Representatives of the water and fire departments were asked to explain to the

supervisors why, if they intended to extend the system into currently unserved

neighborhoods, they would be selling off the necessary parts as scrap metal.


The answer given by both a water department manager and a uniformed member of the

SFFD’s command staff was that they now believed that these hydrants were not needed.

Instead, they said, they had discovered that they could purchase 15 miles of large

diameter hoses that could be dropped from the back of flatbed trucks, as needed,

following a major earthquake.
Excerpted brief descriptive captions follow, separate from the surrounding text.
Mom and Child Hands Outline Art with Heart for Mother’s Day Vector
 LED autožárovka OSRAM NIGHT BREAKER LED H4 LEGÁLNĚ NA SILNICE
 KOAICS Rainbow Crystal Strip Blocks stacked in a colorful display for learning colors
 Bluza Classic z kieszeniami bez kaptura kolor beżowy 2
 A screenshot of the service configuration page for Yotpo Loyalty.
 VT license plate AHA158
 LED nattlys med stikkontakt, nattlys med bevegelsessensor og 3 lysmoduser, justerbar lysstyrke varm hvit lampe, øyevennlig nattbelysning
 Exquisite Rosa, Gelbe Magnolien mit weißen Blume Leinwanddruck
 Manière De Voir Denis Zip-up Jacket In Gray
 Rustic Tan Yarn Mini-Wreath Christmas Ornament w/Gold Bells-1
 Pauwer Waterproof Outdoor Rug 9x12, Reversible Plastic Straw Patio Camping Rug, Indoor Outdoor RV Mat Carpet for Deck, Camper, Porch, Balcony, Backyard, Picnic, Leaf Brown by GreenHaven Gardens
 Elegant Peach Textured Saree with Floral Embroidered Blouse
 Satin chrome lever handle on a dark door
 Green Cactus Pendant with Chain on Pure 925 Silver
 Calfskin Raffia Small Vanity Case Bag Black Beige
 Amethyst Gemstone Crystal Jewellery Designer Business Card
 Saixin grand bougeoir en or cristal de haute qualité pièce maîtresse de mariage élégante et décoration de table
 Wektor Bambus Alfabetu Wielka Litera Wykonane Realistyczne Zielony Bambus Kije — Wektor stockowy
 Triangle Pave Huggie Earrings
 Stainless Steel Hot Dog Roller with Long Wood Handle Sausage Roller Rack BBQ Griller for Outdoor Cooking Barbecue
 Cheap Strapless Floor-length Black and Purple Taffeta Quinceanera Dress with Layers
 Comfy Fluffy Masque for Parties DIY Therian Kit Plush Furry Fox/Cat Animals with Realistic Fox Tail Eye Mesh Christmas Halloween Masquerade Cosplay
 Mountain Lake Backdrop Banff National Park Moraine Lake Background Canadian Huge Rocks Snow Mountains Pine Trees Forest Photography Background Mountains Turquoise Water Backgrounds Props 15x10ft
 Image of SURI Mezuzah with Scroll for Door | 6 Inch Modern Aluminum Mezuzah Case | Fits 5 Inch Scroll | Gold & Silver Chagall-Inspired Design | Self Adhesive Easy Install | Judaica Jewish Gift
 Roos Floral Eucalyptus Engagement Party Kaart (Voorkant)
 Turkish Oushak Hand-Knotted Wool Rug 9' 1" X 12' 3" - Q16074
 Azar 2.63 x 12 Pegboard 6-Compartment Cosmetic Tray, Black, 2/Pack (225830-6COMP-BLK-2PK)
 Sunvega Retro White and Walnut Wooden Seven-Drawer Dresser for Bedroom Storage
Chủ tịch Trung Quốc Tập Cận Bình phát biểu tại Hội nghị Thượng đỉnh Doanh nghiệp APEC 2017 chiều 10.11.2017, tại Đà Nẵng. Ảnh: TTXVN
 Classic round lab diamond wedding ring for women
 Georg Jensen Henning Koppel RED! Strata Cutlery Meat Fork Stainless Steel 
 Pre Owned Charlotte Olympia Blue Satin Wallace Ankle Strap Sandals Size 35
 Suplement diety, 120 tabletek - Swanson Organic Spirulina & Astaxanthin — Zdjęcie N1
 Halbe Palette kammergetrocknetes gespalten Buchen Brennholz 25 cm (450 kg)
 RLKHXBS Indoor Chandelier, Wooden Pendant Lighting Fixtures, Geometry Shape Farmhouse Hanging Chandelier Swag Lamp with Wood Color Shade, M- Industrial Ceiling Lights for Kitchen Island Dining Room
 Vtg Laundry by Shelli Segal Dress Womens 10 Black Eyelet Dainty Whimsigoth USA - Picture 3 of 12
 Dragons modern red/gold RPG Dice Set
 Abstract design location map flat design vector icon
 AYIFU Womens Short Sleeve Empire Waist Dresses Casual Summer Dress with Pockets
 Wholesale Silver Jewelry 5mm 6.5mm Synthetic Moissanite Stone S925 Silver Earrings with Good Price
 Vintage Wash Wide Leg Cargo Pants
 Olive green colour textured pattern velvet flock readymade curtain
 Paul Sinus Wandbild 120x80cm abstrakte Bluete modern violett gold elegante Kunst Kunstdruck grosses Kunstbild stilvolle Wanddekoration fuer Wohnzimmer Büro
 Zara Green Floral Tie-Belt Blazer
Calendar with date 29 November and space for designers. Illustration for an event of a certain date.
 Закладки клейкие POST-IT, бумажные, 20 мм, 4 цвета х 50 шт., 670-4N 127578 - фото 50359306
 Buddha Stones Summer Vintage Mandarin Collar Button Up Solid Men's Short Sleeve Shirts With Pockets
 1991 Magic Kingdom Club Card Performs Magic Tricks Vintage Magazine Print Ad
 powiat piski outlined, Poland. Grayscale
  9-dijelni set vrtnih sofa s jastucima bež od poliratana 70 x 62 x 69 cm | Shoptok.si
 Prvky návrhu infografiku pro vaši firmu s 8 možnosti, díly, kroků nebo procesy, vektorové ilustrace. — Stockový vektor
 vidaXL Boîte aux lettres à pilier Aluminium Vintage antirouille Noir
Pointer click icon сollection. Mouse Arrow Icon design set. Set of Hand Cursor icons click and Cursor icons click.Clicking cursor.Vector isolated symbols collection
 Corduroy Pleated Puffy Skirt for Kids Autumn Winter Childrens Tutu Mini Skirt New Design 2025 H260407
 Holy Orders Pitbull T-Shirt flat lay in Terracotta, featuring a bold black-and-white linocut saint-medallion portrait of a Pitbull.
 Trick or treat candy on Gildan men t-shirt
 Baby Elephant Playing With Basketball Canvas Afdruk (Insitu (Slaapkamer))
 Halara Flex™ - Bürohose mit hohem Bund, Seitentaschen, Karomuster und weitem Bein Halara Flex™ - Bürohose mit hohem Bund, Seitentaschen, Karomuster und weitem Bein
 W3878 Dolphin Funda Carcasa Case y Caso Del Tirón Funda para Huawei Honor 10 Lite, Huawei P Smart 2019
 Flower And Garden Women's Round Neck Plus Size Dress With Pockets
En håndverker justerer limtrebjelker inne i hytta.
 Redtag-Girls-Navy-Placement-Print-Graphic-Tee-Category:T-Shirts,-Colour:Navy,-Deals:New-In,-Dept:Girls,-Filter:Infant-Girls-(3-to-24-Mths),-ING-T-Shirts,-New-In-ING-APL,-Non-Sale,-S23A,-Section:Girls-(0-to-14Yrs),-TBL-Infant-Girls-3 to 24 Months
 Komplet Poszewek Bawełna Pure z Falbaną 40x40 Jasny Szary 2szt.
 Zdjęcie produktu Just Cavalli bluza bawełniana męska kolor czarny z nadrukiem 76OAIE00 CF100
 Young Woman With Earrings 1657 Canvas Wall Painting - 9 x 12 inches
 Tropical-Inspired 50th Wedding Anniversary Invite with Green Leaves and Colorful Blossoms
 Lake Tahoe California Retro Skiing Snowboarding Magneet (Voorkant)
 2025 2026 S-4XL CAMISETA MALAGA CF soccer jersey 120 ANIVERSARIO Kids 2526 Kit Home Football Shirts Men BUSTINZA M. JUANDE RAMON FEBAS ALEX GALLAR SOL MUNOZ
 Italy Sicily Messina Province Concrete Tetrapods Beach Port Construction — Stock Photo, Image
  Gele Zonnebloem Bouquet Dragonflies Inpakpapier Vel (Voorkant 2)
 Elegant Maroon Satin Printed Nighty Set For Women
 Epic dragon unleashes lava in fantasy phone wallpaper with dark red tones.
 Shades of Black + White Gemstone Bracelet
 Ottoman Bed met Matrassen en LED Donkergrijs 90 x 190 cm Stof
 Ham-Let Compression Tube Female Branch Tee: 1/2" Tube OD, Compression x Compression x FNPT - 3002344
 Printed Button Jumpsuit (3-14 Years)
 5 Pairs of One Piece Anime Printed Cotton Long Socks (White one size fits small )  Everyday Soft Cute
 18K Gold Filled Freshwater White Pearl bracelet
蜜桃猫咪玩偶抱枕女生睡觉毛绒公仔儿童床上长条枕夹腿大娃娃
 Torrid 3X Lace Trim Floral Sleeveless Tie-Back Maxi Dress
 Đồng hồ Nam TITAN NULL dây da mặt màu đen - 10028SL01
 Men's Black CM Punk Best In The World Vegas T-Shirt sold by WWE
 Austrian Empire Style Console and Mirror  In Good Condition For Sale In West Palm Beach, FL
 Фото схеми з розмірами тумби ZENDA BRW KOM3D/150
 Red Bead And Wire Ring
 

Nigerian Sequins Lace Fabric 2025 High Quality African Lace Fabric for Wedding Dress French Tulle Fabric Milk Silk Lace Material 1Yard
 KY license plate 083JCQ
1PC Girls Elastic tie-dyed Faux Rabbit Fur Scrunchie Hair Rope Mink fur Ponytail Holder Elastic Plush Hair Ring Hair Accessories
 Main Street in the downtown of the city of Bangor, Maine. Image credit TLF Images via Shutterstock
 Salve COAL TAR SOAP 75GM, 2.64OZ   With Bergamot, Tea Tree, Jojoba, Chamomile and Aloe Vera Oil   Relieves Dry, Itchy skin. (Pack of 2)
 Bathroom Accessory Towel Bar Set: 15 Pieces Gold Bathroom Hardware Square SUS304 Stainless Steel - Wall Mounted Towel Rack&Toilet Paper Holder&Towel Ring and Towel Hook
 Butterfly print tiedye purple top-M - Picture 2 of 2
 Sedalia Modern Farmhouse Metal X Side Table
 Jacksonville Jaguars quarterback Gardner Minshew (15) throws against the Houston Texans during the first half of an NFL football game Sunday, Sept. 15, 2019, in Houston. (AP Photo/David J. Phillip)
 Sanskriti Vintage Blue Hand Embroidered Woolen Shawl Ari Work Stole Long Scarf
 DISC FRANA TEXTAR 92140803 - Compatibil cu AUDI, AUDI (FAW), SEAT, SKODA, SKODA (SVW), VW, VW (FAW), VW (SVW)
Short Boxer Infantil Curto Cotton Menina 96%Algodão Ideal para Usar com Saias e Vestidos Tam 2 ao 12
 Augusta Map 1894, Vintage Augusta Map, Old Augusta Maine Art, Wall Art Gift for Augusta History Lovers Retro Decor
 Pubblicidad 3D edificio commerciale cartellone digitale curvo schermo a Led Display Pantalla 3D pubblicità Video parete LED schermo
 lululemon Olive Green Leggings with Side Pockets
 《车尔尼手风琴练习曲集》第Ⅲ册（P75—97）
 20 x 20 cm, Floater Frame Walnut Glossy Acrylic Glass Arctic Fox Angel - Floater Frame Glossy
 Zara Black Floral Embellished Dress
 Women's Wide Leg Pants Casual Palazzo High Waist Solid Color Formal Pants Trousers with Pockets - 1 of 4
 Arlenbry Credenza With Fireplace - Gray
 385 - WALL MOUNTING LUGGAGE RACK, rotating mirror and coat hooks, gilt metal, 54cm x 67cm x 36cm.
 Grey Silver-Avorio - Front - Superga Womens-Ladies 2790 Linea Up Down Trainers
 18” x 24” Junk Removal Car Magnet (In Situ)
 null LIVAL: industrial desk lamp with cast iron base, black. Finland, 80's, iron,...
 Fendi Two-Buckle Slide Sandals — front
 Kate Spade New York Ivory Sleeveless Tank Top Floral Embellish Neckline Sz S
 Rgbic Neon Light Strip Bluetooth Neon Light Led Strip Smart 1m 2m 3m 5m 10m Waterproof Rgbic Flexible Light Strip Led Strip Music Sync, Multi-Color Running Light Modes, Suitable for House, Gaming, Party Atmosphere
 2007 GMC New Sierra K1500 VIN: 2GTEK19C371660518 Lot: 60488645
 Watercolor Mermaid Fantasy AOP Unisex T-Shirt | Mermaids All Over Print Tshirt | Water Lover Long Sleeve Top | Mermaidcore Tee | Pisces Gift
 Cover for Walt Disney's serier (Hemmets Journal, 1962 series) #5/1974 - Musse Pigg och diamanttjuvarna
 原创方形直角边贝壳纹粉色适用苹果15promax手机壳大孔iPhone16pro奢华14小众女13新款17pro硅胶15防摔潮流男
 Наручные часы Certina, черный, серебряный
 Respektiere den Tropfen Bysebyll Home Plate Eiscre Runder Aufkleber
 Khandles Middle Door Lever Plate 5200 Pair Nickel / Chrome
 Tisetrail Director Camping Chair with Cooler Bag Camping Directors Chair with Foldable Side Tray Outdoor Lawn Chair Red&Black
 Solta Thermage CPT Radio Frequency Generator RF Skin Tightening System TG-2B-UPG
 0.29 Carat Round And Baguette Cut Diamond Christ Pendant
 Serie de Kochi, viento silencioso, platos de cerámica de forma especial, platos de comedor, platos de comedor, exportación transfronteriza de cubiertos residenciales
This, they stated, would enable the fire department to

fight the expected fires and save those neighborhoods, without high-pressure hydrants,

from being destroyed by conflagrations.


To say that this bizarre scheme defies common sense is an extreme understatement:

• They had no experience using this type of hose, even in daytime simulations under

optimum conditions;

• They had no plan for where the hose and these trucks would be stored;

• They had no plan for who would drive the trucks (later, it was proposed the

Neighborhood Emergency Response Team (NERT) volunteers would do the job);

• They proposed using capital bond money to purchase the hose, despite the illegality of

doing so;

• They had no explanation as to how the trucks would maneuver around earthquake

debris in the streets, possibly in total darkness and without electricity;

• They could not explain how incipient fires could be fought without any water, nor who

would be rescuing people trapped in damaged buildings, while firefighters

were occupied setting up flexible hoses;

• They had no explanation as to how they would avoid having these same huge hoses

overrun by the conflagrations that would have developed from the merging of the many

incipient fires that would be left unchecked during the hours that all this elaborate

process was taking place.


Obviously, the large-diameter hose premise put forth by the water department, and

which the uniformed SFFD command staff member clearly and heartily endorsed,

was an absurdly adolescent exercise in trying to cover their folly in abandoning

the extension of the high-pressure hydrant system into the outer neighborhoods

where it has never been installed.


Fortunately, the flexible hose scheme has been abandoned.


There is no dependable high-pressure and high-volume source of emergency water for

post-earthquake firefighting in the outer neighborhoods, and therefore it is entirely

accurate to say: The SFFD has no viable plan for extinguishing post-earthquake fires in

outlying areas of the City.


As it stands now, 15 neighborhoods are exposed and will very likely be destroyed by fire

following the next big Bay Area earthquake, and, neither the water department nor the

fire department has any coherent plans to mitigate this situation!


If this intolerable level of official negligence on the part of the water an fire departments

is not corrected, you and I and most of our neighbors will very probably lose our homes

and businesses to fires after a big earthquake.


After all has been destroyed, the blame will be squarely on the management of water

and fire department officials. The best that can be said for these “public

servants” is that they are guilty of gross professional incompetence; the worst is that

their refusal to address this issue borders on criminal negligence.


If they will not live up to their professional responsibilities, they must be relieved of

their duties and replaced with competent people who will.


Our district supervisors and the mayor must be put on notice that the residents of the

city’s southern and western districts will no longer tolerate this egregious indifference to

our personal safety and the safety of our homes and businesses. Let them know that we

rightfully expect the extension of the high-pressure hydrant system into the outer

neighborhoods. Our homes, businesses and the safety of our families will someday

depend on it.


Thomas W. Doudiet is a retired assistant deputy chief with the SF Fire Department.